On BROM, Banca Romaneasca, we took the capital hit from our previously unsuccessful process with the OTP. We're doing the process again, we're expecting binding offers before the end of the year in December. We will just have the benefit from the RWA, which is €500 million, and I don't expect a significant deviation from the capital hit that would take an absolute, maybe a small improvement, but nothing of significance.
The Cypriot business, we are in the process of selling. We have binding offers and we are in discussions with the finalist to close. It will be an accretive final solution. And then on the rumored development on subsidized mortgage loans, here this is a copy of both of the American – if I remember the initials correctly or the separate law, which in both cases, the government for special categories of restructured lending provided up to a certain amount of subsidy to the monthly installment and for a period of time.
Again, this has been used a broad, in other cases, successfully. Clearly, some was going to subsidize the installments, the banks would look at it very favorably. And therefore, we are waiting to see more details. But this would clearly be a positive development if installment payments can be subsidized by the government for a short period of time as households get back on their legs. So again, very positive, if it's to occur, and I understand the government is contemplating this quite seriously. I hope that answers your question. Thank you.
Ms. Bairaktari, are you finished with your questions?
Yes. If I may just follow-up on the last question, on the Katseli Law, these under a provision currently, under the current law that allows the government to subsidize the borrowers after a court decision? And has that ever been implemented? Have you ever received any payment, which is a subsidy by the government for some borrowers after they have gone through the court process? Or has this never been done before despite the fact that it is written in the current law?
You're right. It is in the current law, and it has not been utilized.
The next question is from the line of [indiscernible] with UBS. Please go ahead.
Hi, thank you for the presentation. I have several questions. First one, with the current renewed targets, where do you see your coverage in capital position post one completion? And just follow-up in the first question, given one of the highest capital [indiscernible] and high coverage ratio have been this year, what prevents you from being more aggressive than fee reduction, for example, lower to 15% or even lower, like 10 basis points quarterly reduction, it seems quite small at current levels of NPE problem, and appears to be of the smallest reduction in last several quarters, if I'm not mistaken.
And the second question is regarding NPE ratio development in mortgage segments, which continues to pick up for at least, the last six quarters, is it open nearly driven by the protection schemes?

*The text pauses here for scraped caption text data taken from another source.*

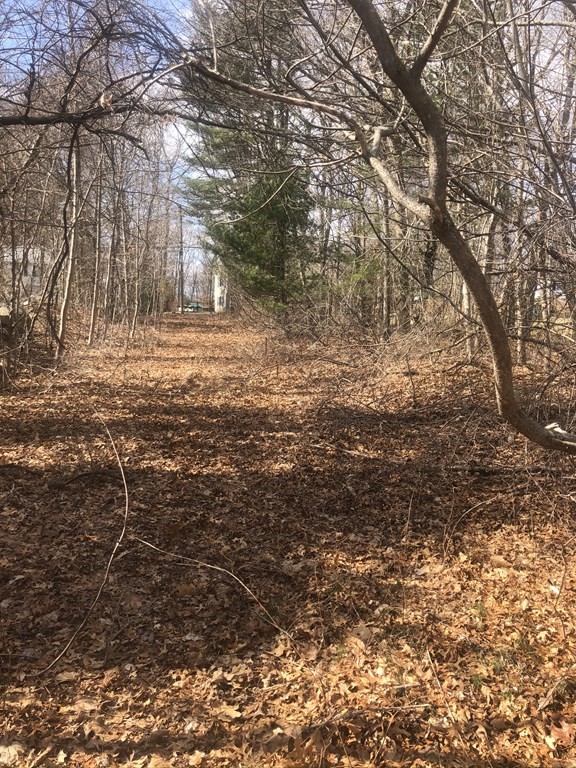 0 Range Ave Property Photo 3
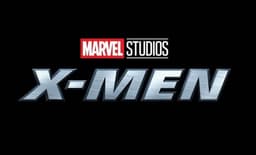 Poster for Untitled X-Men Film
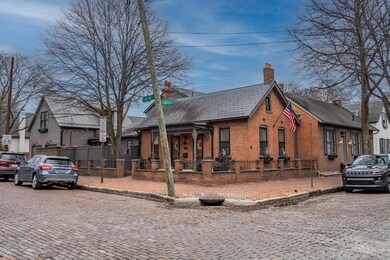 566 South 4th Street, Columbus-7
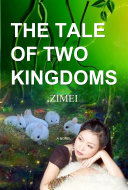 THE TALE OF TWO KINGDOMS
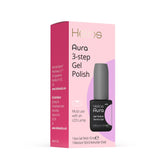 I LILAC YOU-16 - Helios Nail Systems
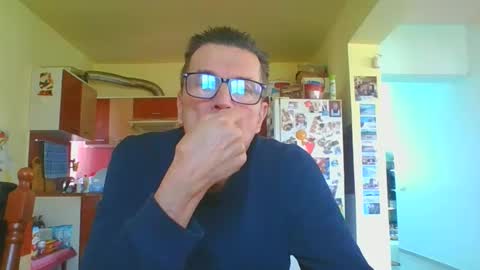 ulmeni4 online show from March 1, 10:26 am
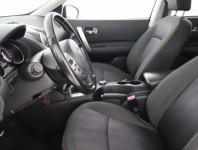 Nissan Qashqai  1.6 dCi N-Tec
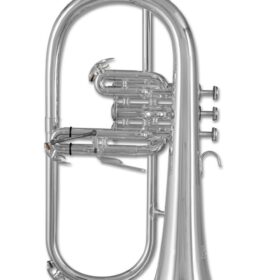 Bach FH-501S Bugel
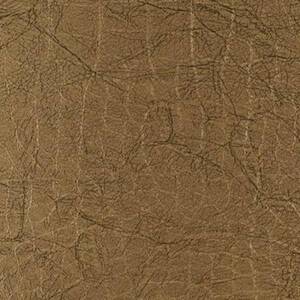 Кромка 1х22мм Крокодил Золотой  high gloss(глянец)  EVOGLOSS 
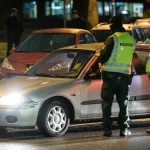 Ministerstvo chystá zmeny: Pokuty policajtom už nemusíme platiť v hotovosti
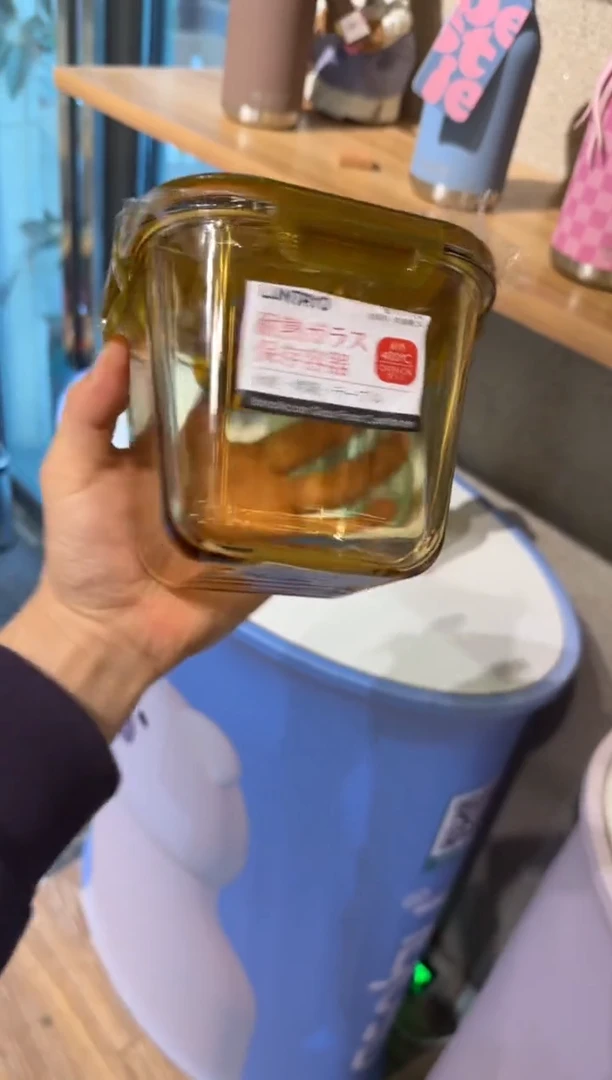 美物严选好物多多f82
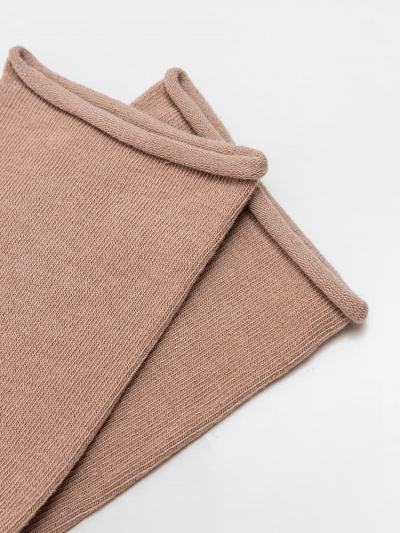 Носки Mark Formelle 245K-1303/22245K капучино_рис.1303 - фото 3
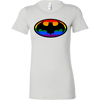 batman-shirt-bat-man-shirts-gay-pride-shirts-lgbt-shirt-rainbow-lesbian-equality-clothing-women-shirt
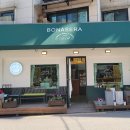 보나세라오가닉베이커리 이미지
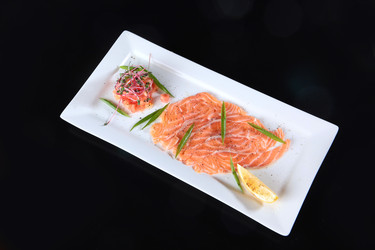 Similar image 22611857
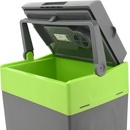 Přenosné lednice Compass 07119 Chladicí box 30l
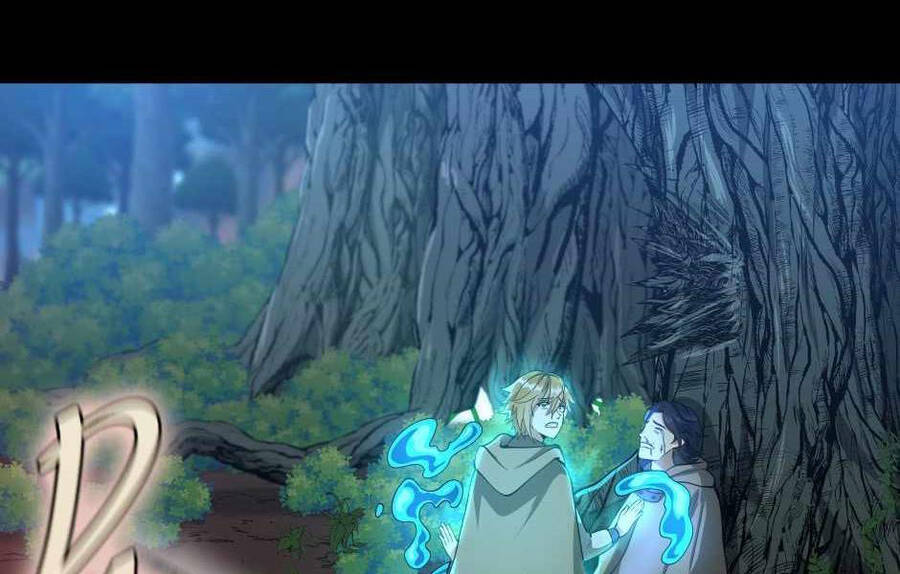 Ánh Sáng Cuối Con Đường Chap 132 - Next Chap 133
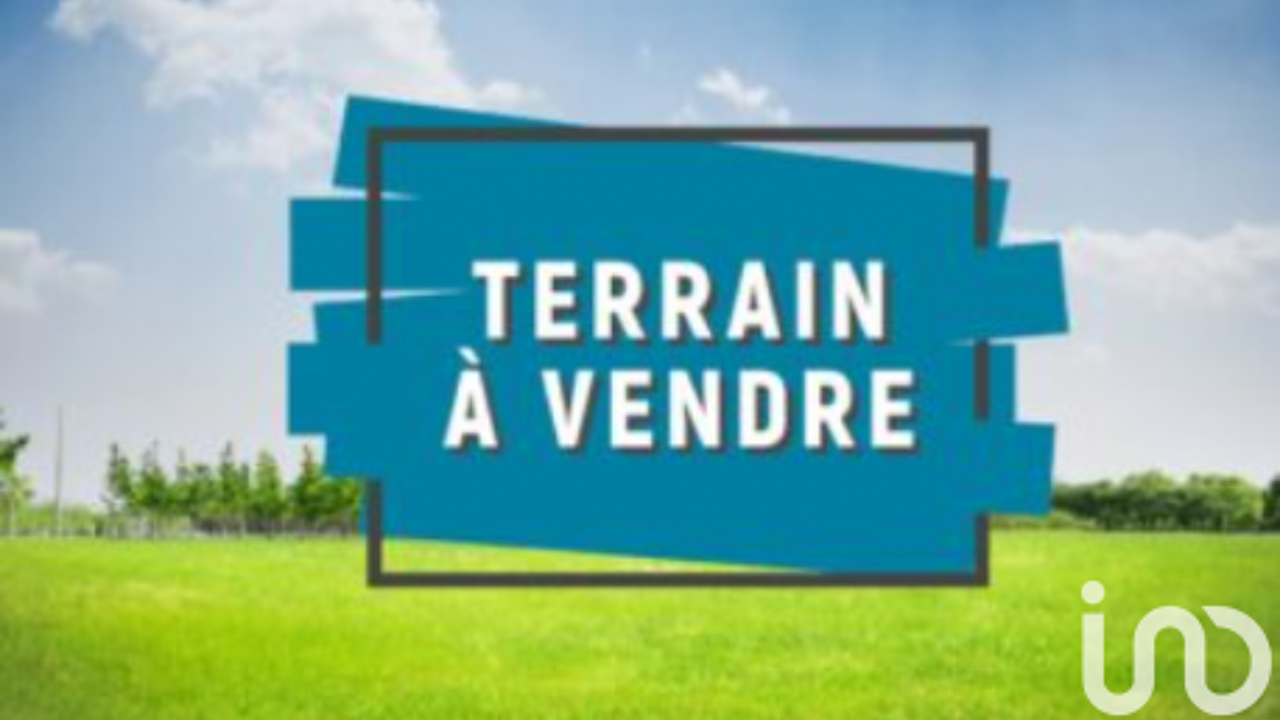 terrain  pièces 231 m2 à vendre à La Rochelle (17000)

And when do we see the trends resulting in the segment? Should we expect it to be next year already? So these are some of my questions. Thank you.
Okay, thank you very much. I guess, I need to ask you to indulge us till we announce our early 2019, our transformation plan where we will be more aggressive on the NPE reduction. But we can do it, we're planning on it and we'll announce specifics at a later date, okay. But you're right, we do have compared to peers, the coverage ratio, which allows us to do so, okay. And developments are urging us, pushing us to do so.
Now on the NPE, in mortgages, I mentioned earlier that the new product split in threes does have higher installments and it is still being fine-tuned and is leading to some redefaults, and as well, the Katseli Law is also leading to people, avoiding auctions by jumping from the auction queue into the Katseli Law. So it goes beyond our goal. So yes, on mortgages, it's a bit bumpier road given all these conditions, but we're working on fine-tuning the strategy, both on the product side and which is carrot as I call it as well as having our – a bit more of an effective stick. So hopefully, we'll get better results down the road.
Okay. Thank you.
The next question is a follow-up question from Mr. Floriani Jonas with AXIA Ventures. Please go ahead.
Hi guys. I just have one follow-up. What is the latest on the auxiliary pension repayment? Is that about to resume? And what is the amount of income? I've read something, and different amount that you will be repaying in the coming quarters. So if you can give us an update on that? Is there any retroactive charge you have to pay on that? It will be great. Thank you.
Okay. Thank you for that question. This has been hanging over us for a while. We had talks with the government on finding a solution, which it would effectively shift the supplementary pensions to the state fund. And we are discussing the details, the details of what that will entail for us. Given that we're in these negotiations, I don't want to get into sort of guessing what the final solution will be, but it will be a shift of all the pensioners to the supplementary pension fund of the state.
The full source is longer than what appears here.